Hello anilsatyal and welcome to EB.com. Have a look at this thread. A lot of good discussion on the materials people used and recommended for the power PE exam. Hope that helps. Good luck.


----------



## R2KBA (Jan 9, 2012)

For ground resistance, I downloaded these two documents (free) that someone posted here. I was very glad I did, as they proved very useful, especially the Fluke one.

http://engineerboard...ke&amp;fromsearch=1


----------



## mcb003 (Jan 10, 2012)

For lighting, the IES lighting handbook is pretty good. Try to find the edition that is 1-1/2" thick and $50 and not 3" and $200.


----------



## saberger_vt (Jan 31, 2013)

For all who will be taking the Power PE soon, just remember that when you are going through all these posts on how to study, yeah it might work for the person who is doing the studying, but it might not be in your "study style". Trust me not everyone sees apples to apples, myself "apple pear 3 sigma".

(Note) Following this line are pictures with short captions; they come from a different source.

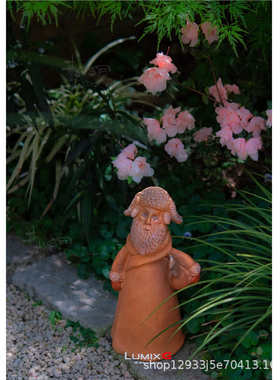 氧化镁ins叶可夫斯基复古做旧红陶色园艺花园装饰桌面摆件工艺品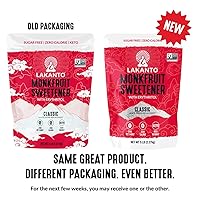 Vista 6 de Lakanto - Edulcorante de fruta de monje con eritritol, sustituto de azúcar blanco de extracto de fruta de monje, reemplazo clásico de azúcar blanco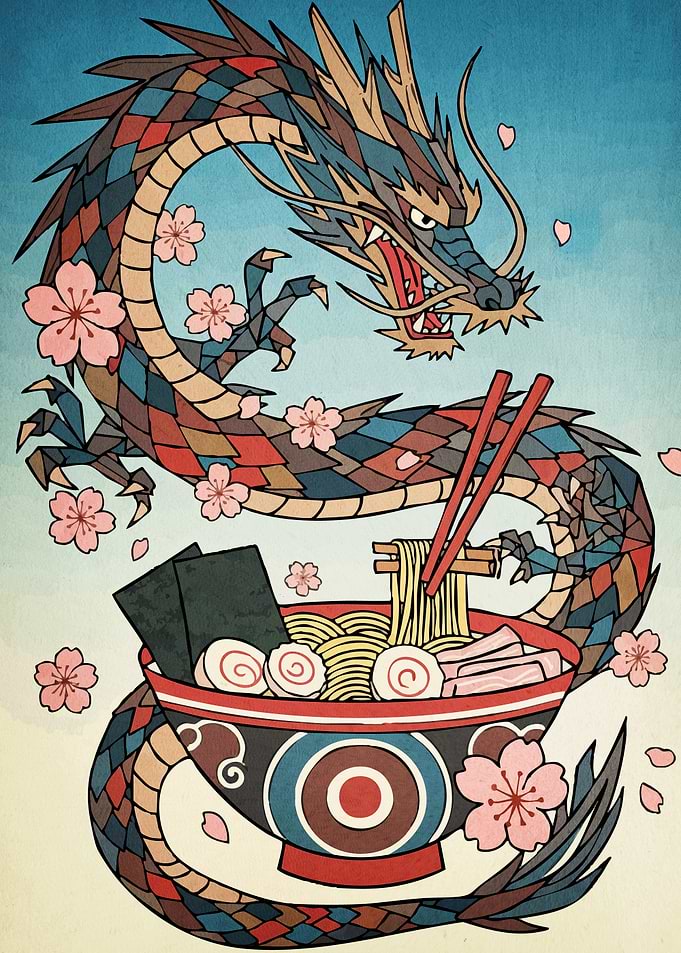 Dragon Ramen Bowl Cherry Blossoms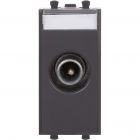  - ДКС 4412511 Розетка TV проходная модульная, Avanti, черный матовый, 1 модуль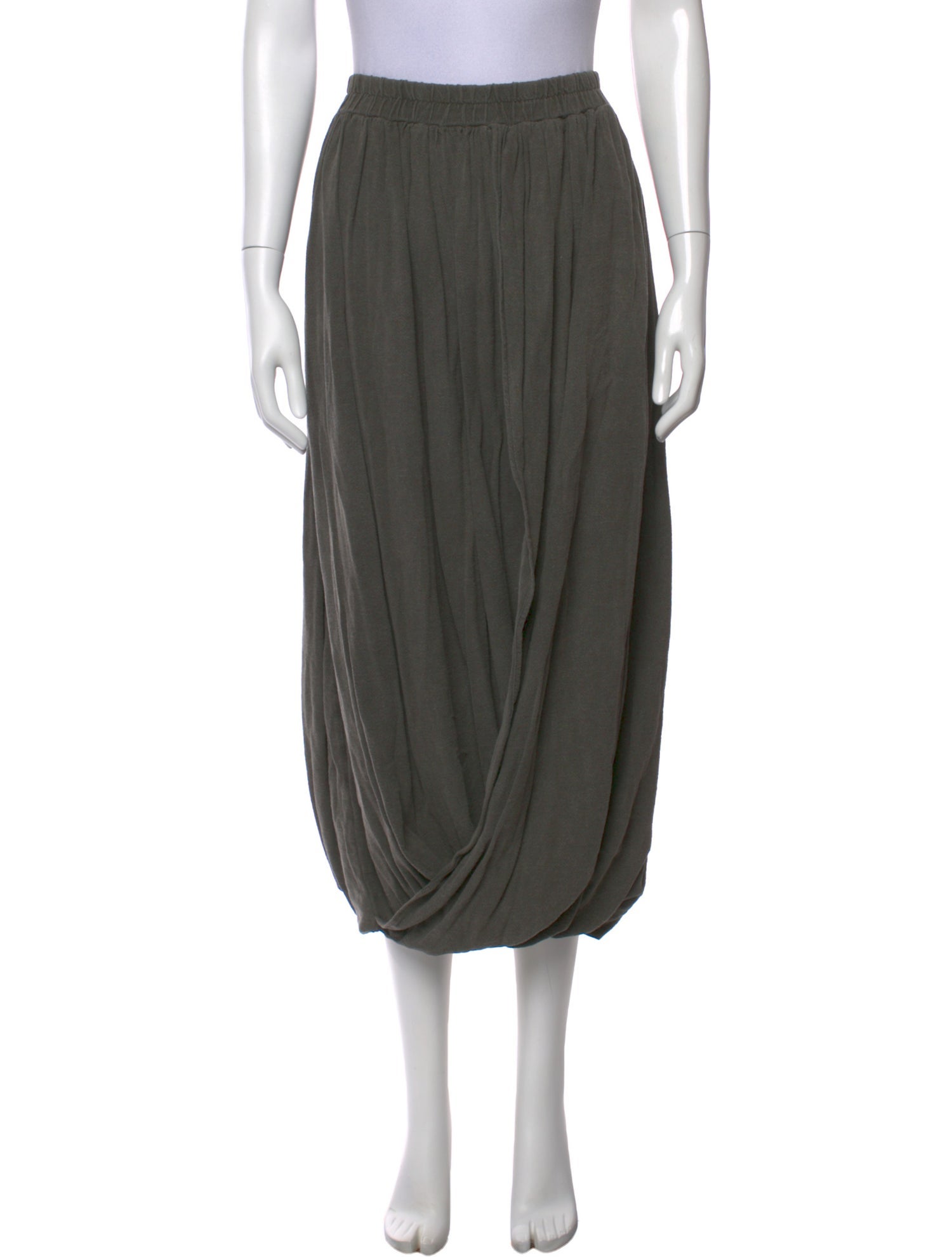 Black Crane Midi Length Skirt
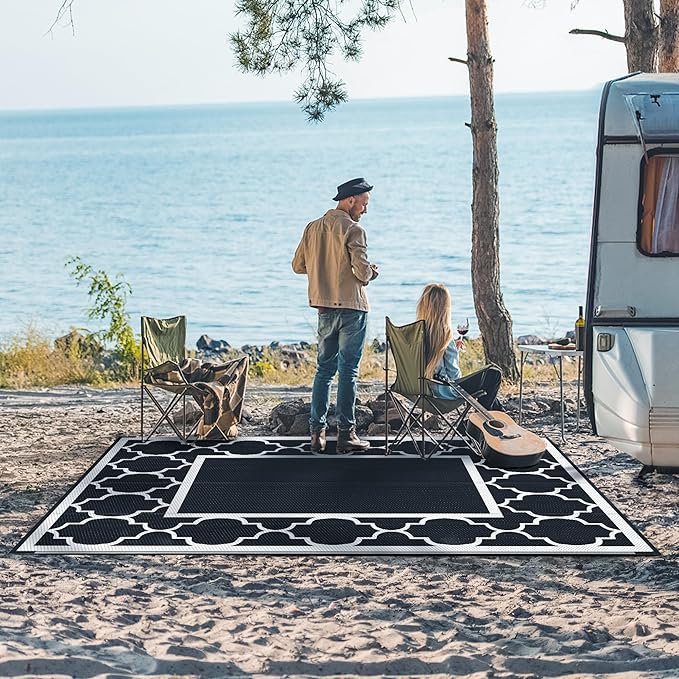 GENIMO 9 ' x 12 ' Outdoor Rug for Patio Clearance, Waterproof Indoor Outdoor Plastic Straw Rugs Carpet, Reversible Outside Area Rv Mat for Camping, Balcony Porch, Deck, Picnic, Beach (Black & White)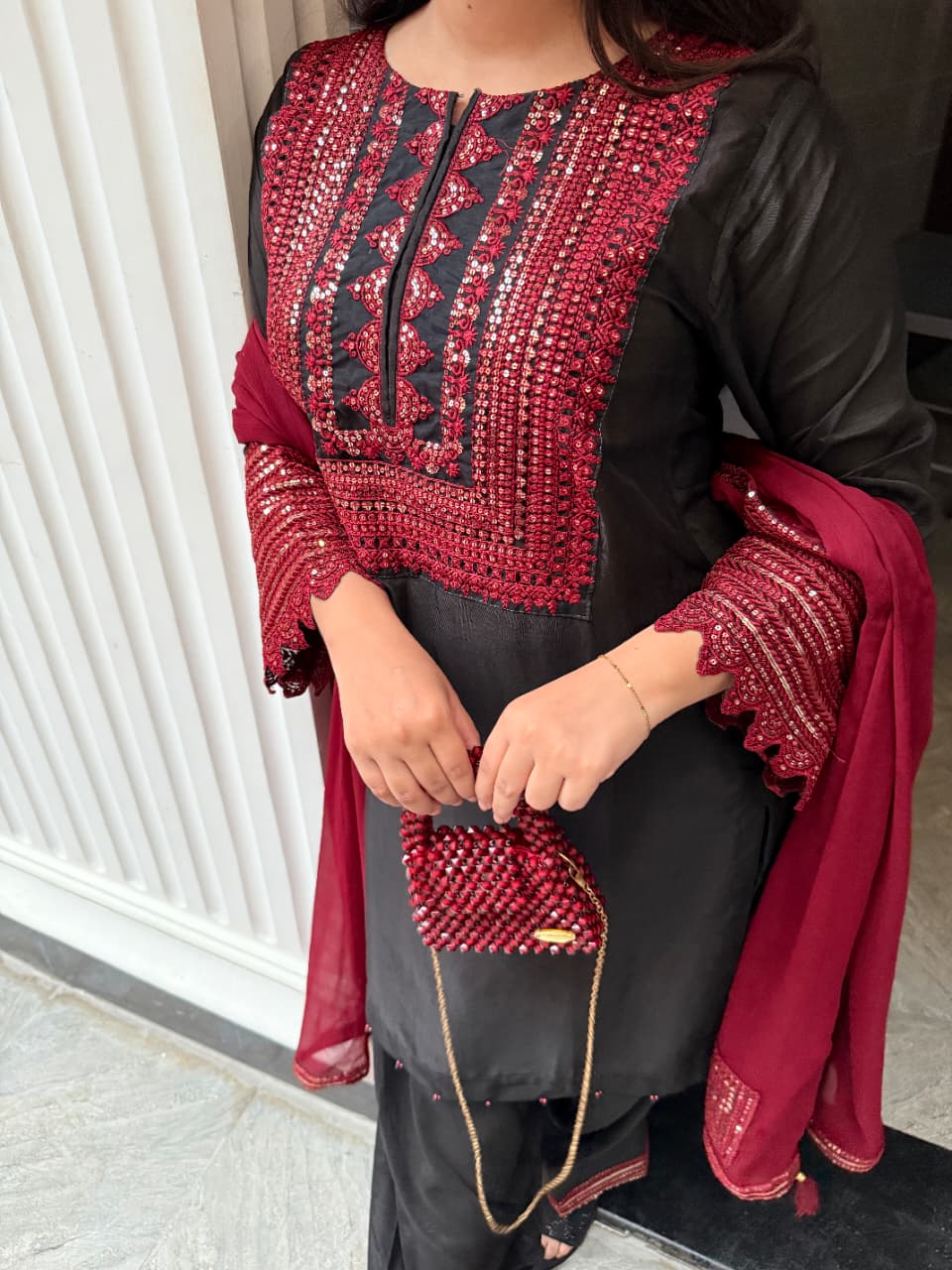 Exclusive Raw Silk Cut Work 3pc Suit ( BLACK )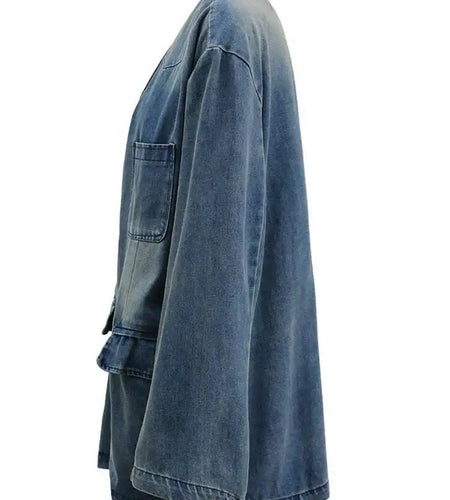 Blue Denim Vintage Big Size Pocket Jacket New V-neck Long Sleeve Women Coat Fashion Tide Spring Autumn 2025 CPG1579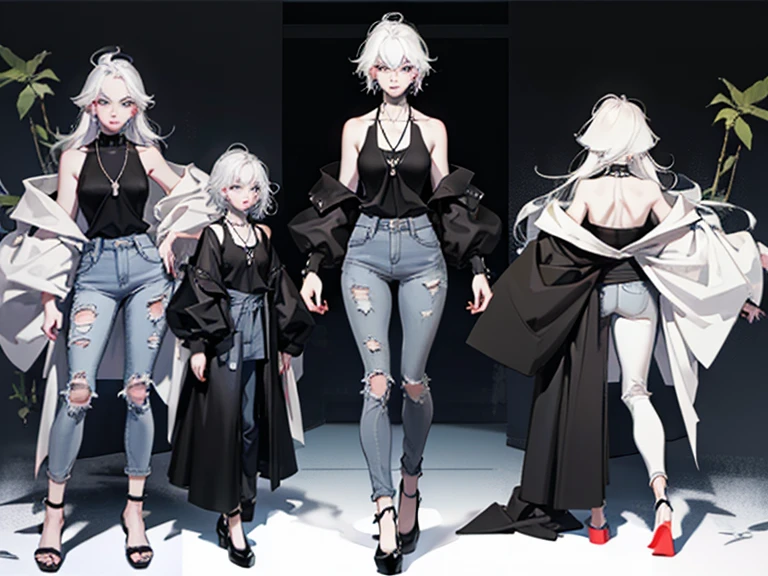 ((full body:1.4)),(black clothing:1.3).Cute 18 yo (albino:1.4)woman of Slavic descent.(short:1.1), , long white hair, gray eyes, ((very pale:1.4)). Innocent look. Gentle spirit.(virgin), (black tank top, jeans,), necklace, (black Mary Janes with straps).(joy),((smile)).Masterpiece, best quality(highly detailed:1.2),(detailed face and eyes:1.2), depth of field, 8k wallpaper, studio lighting, core shadows, high contrast, bokeh.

I did a search for what I should bring with me (I will actually be taking the exam April 2013) and then went through that list to see what resources best fit me. I created a binder with a ton of information (okay I realize some states do not allow three ring binders as being "bound" documents) and as of right now I am in the process of putting tabs in the areas I need to study more and then main tabs for easy access to the information. I have alot of sample problems from text that I photocopied and put in the binder. I make sure I understand the formulas and how they came about the answer before I move on!

Most of my binder was stuff that was on the web, it probably would have been good had I saved a link to all this useful information so that I could share, but everything you need is out there on the web.

I would suggest at least one book on power systems, the NCEES practice exam (of course), and whatever information you find relevant to your study style.

A tip - look online for colleges/universities that have class notes, quizzes, tests. I found a wealth of information for my binder just doing that search Check out MIT's open classware

Remember think smarter, not harder!


----------



## saberger_vt (Jan 31, 2013)

saberger_vt said:


> For all who will be taking the Power PE soon, just remember that when you are going through all these posts on how to study, yeah it might work for the person who is doing the studying, but it might not be in your "study style". Trust me not everyone sees apples to apples, myself "apple pear 3 sigma".
> 
> I did a search for what I should bring with me (I will actually be taking the exam April 2013) and then went through that list to see what resources best fit me. I created a binder with a ton of information (okay I realize some states do not allow three ring binders as being "bound" documents) and as of right now I am in the process of putting tabs in the areas I need to study more and then main tabs for easy access to the information. I have alot of sample problems from text that I photocopied and put in the binder. I make sure I understand the formulas and how they came about the answer before I move on!
> 
> ...




Oh I forgot one book to bring: NEC depending on which one you have, I have the 2008, but I realize some have the 2011. I think I need to find me a copy of the 2011.....


----------



## iwire (Jan 31, 2013)

Do you think I am set on materials? I am planning to take the exam in Oct,13. ANy suggestions where/which chapters I should cover for Grainger? I am out of school for a while and forgotten a lot ..I passed my FE back in Oct 12...

(Courtesy of Wildsoldier)

EPRM PPI book by Camara - chapters 28, 33-42, 48-56

Wildi book – chapters 1,2,7-13,15,17-18,20-21,24-27 and 30

Grainger book – Fundamental and ????

Nilson book – 9-11 and 18

NEC handbook

Some print out for Economy, Fault calculation etc

Also, PPI, NEC and Spinup practice exams


----------



## willsee (Jan 31, 2013)

saberger_vt said:


> saberger_vt said:
> 
> 
> > For all who will be taking the Power PE soon, just remember that when you are going through all these posts on how to study, yeah it might work for the person who is doing the studying, but it might not be in your "study style". Trust me not everyone sees apples to apples, myself "apple pear 3 sigma".
> ...


Your test will be using the 2011 NEC so I would suggest getting one.


----------